Claudia Cortínez

Claudia Kaatziza Cortínez is an Argentine/Chilean/American artist and educator. She has exhibited her work, curated exhibitions, and organized educational projects in the US and Latin America for over a decade. Her studio practice combines printmaking, sculptural, and photographic techniques that depict urban and domestic architecture as sites of reflection and transformation. Central to her work is experimenting with materials such as paper pulp and light sensitive chemistry to capture imprints of spaces and objects, and how the residue of these imprints can communicate a larger socio-political narrative. Claudia is co-founder of LAZO, an art collective that brings together Latinx artists to create participatory projects and exhibitions. Claudia received her BFA from Rhodes Island School of Design (RISD) and MFA from Yale. Recent awards and residencies include the Yale Norfolk Teaching Fellowship, Silver Art Projects Residency, Rema Hort Mann Grant, Center for Book Arts Residency, Lower East Side Printshop Residency, and the Lower Manhattan Cultural Council (LMCC) Community Engagement Grant among others.

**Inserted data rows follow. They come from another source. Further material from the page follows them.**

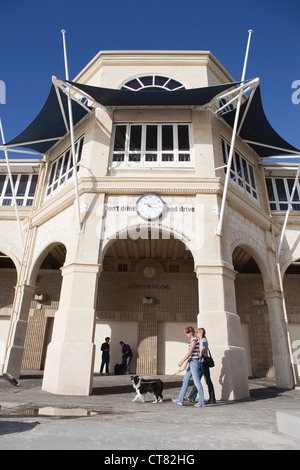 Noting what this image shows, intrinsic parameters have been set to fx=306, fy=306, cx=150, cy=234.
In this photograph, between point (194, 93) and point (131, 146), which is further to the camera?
point (131, 146)

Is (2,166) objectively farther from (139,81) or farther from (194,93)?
(194,93)

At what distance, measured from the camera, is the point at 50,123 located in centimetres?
1165

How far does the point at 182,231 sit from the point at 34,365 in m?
9.45

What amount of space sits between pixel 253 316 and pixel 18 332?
33.0 ft

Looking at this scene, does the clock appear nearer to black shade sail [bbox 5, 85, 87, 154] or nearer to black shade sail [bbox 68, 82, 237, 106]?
black shade sail [bbox 68, 82, 237, 106]

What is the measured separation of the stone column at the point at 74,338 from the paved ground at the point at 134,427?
94cm

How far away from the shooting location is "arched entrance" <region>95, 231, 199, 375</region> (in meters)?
13.2

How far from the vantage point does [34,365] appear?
44.5 feet

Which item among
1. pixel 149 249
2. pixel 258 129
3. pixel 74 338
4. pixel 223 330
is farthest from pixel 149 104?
pixel 74 338

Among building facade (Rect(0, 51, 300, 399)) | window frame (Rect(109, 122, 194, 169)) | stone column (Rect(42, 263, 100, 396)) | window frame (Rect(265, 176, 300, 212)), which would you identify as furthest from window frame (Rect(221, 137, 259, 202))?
stone column (Rect(42, 263, 100, 396))

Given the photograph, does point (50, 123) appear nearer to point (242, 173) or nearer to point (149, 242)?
point (149, 242)

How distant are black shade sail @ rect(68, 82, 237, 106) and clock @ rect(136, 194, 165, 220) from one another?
346 cm

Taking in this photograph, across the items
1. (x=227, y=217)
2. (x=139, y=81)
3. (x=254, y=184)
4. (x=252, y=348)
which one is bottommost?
(x=252, y=348)

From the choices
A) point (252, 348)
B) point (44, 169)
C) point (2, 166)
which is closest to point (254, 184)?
point (252, 348) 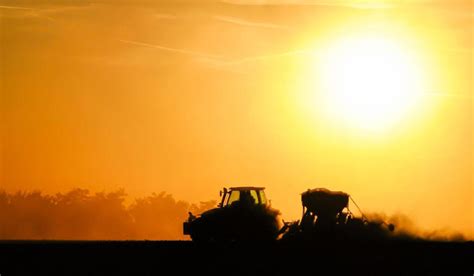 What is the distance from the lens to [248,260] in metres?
35.2

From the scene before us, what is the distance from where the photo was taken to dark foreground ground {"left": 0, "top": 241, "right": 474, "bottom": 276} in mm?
30438

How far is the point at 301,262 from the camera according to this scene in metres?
34.3

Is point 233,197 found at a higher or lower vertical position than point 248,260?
higher

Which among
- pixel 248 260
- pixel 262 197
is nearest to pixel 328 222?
pixel 262 197

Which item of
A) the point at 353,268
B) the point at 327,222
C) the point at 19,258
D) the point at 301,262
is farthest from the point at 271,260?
the point at 327,222

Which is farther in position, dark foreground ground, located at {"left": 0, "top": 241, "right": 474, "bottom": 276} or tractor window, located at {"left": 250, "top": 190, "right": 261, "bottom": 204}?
tractor window, located at {"left": 250, "top": 190, "right": 261, "bottom": 204}

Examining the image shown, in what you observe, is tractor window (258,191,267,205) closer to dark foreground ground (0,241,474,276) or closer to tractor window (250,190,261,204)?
tractor window (250,190,261,204)

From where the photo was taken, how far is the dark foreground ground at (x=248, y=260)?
30.4 metres

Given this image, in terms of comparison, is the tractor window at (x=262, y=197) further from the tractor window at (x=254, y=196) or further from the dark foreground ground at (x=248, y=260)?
the dark foreground ground at (x=248, y=260)

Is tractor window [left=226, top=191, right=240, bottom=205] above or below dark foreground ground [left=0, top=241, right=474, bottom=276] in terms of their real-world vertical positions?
above

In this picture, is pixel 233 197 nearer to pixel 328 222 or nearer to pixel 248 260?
pixel 328 222

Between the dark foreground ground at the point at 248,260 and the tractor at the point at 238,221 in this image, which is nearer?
the dark foreground ground at the point at 248,260

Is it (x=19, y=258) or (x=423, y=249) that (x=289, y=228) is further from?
(x=19, y=258)

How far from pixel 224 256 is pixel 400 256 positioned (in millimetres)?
7878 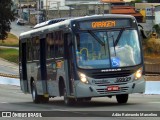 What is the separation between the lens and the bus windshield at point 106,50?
20484 mm

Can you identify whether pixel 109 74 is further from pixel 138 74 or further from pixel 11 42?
pixel 11 42

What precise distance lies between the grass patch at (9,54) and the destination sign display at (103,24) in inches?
2705

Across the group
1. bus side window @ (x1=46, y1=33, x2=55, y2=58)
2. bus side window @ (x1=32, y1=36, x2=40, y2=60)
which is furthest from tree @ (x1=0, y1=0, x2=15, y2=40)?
bus side window @ (x1=46, y1=33, x2=55, y2=58)

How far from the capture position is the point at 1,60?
90375mm

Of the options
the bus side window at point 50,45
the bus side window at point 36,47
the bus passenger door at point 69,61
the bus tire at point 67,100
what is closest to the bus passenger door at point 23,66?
the bus side window at point 36,47

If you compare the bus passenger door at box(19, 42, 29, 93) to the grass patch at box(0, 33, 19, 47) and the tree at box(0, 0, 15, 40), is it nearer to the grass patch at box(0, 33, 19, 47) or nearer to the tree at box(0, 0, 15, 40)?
the tree at box(0, 0, 15, 40)

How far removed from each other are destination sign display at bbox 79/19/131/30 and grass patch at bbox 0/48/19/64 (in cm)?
6871

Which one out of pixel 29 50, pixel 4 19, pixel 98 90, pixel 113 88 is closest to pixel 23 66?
pixel 29 50

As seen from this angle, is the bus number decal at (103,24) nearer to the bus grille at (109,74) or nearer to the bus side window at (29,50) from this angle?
the bus grille at (109,74)

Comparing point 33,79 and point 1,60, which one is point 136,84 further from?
point 1,60

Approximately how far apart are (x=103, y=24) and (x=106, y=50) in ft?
3.36

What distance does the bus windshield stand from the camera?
20.5 meters

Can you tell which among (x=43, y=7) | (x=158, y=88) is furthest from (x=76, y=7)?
(x=158, y=88)

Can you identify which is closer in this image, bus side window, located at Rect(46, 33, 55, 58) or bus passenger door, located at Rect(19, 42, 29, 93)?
bus side window, located at Rect(46, 33, 55, 58) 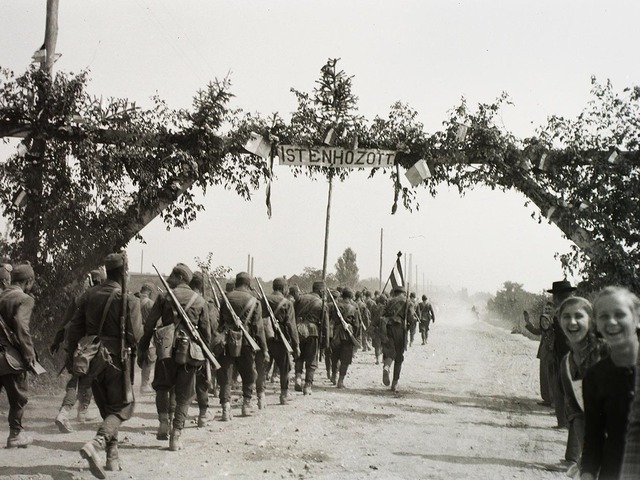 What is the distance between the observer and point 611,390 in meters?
3.12

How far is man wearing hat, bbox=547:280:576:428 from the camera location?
24.8ft

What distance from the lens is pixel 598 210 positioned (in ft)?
40.3

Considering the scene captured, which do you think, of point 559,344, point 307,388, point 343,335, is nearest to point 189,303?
point 559,344

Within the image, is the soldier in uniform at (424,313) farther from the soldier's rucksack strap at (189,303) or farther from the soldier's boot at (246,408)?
the soldier's rucksack strap at (189,303)

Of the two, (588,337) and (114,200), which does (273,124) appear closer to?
(114,200)

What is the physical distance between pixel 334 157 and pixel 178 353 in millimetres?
5944

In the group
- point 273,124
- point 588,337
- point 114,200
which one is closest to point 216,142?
point 273,124

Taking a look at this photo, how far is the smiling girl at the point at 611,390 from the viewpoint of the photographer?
309 centimetres

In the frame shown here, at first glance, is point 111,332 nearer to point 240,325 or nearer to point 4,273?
point 4,273

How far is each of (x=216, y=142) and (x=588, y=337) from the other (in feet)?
27.9

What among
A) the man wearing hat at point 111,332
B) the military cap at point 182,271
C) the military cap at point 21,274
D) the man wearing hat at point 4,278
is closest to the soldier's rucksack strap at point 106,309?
the man wearing hat at point 111,332

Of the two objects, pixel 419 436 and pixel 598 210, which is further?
pixel 598 210

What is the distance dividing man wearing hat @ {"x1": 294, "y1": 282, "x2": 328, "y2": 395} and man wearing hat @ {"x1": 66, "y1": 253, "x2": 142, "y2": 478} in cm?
578

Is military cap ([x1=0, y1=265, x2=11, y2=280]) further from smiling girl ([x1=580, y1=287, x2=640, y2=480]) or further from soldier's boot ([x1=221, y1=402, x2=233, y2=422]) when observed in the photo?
smiling girl ([x1=580, y1=287, x2=640, y2=480]) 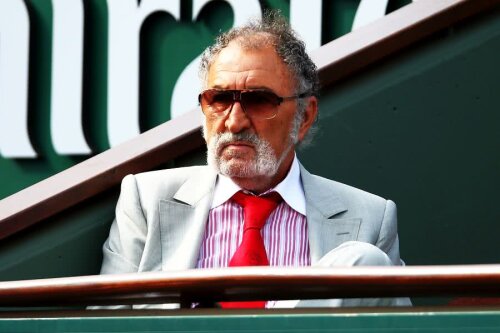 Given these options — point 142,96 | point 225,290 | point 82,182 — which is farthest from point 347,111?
point 225,290

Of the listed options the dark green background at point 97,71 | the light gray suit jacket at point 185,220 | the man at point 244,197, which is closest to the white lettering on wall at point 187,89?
the dark green background at point 97,71

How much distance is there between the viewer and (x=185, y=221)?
2.96m

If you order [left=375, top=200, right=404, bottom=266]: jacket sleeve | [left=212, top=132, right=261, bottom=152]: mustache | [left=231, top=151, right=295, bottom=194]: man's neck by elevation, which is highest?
[left=212, top=132, right=261, bottom=152]: mustache

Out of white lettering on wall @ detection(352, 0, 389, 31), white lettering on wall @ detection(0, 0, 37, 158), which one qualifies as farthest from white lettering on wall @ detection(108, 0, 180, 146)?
white lettering on wall @ detection(352, 0, 389, 31)

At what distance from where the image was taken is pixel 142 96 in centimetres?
433

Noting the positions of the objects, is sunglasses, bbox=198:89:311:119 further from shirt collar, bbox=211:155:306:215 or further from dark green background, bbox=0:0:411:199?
dark green background, bbox=0:0:411:199

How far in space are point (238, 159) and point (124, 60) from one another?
1490 millimetres

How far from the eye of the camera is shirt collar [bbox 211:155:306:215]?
3012 millimetres

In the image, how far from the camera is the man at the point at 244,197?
9.57 ft

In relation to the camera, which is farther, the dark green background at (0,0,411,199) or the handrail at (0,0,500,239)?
Answer: the dark green background at (0,0,411,199)

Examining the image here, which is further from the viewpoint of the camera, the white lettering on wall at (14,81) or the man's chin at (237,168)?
the white lettering on wall at (14,81)

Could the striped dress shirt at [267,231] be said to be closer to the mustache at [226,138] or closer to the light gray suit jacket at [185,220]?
the light gray suit jacket at [185,220]

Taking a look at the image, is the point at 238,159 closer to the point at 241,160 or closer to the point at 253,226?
the point at 241,160

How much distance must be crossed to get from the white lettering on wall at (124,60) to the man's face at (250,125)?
122 centimetres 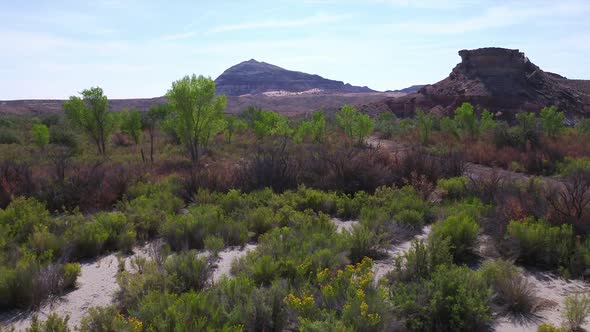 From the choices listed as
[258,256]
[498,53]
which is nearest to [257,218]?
[258,256]

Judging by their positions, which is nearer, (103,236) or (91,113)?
(103,236)

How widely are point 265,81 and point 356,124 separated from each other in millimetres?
130356

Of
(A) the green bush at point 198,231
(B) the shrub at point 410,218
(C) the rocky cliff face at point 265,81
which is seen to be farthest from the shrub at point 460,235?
(C) the rocky cliff face at point 265,81

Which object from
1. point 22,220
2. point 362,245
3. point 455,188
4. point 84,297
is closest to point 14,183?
point 22,220

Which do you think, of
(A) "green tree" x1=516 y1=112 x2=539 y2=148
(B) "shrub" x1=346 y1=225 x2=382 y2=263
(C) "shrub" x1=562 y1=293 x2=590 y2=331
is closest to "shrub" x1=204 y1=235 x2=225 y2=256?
(B) "shrub" x1=346 y1=225 x2=382 y2=263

She is currently an artist in residence with her collective LAZO at The Clemente in New York City.

Claudia’s Classes

  • Claudia teaches alternative processes for StrudelmediaLive.
The cyanotype class of Claudia was really mind blowing for me! Exploring this new printing technique and creating digital negatives has really opened a new window that I want to incorporate in my photographic practise. Claudia has been a very inspiring teacher. She went thoroughly through the process of cyanotype on glass as well as her own practise and work of other contemporary and historical artists using cyanotype printing techniques. I also very much appreciated the attention Claudia gave to our individual projects/ideas, pointing to artworks and ways of working we might find relevant and inspiring.
—Eugenia (Berlin)
The cyanotype class was super interesting and I liked Claudia's way of sharing very generously her knowledge over a technique she has long been working on; I find it not so common, artists tend to keep their “tricks” for themselves. And I really enjoyed sharing this class with such a wonderful group of people. The challenge was to make us work on something very manual, from a distance and through a video screen and, in my opinion, she succeeded greatly.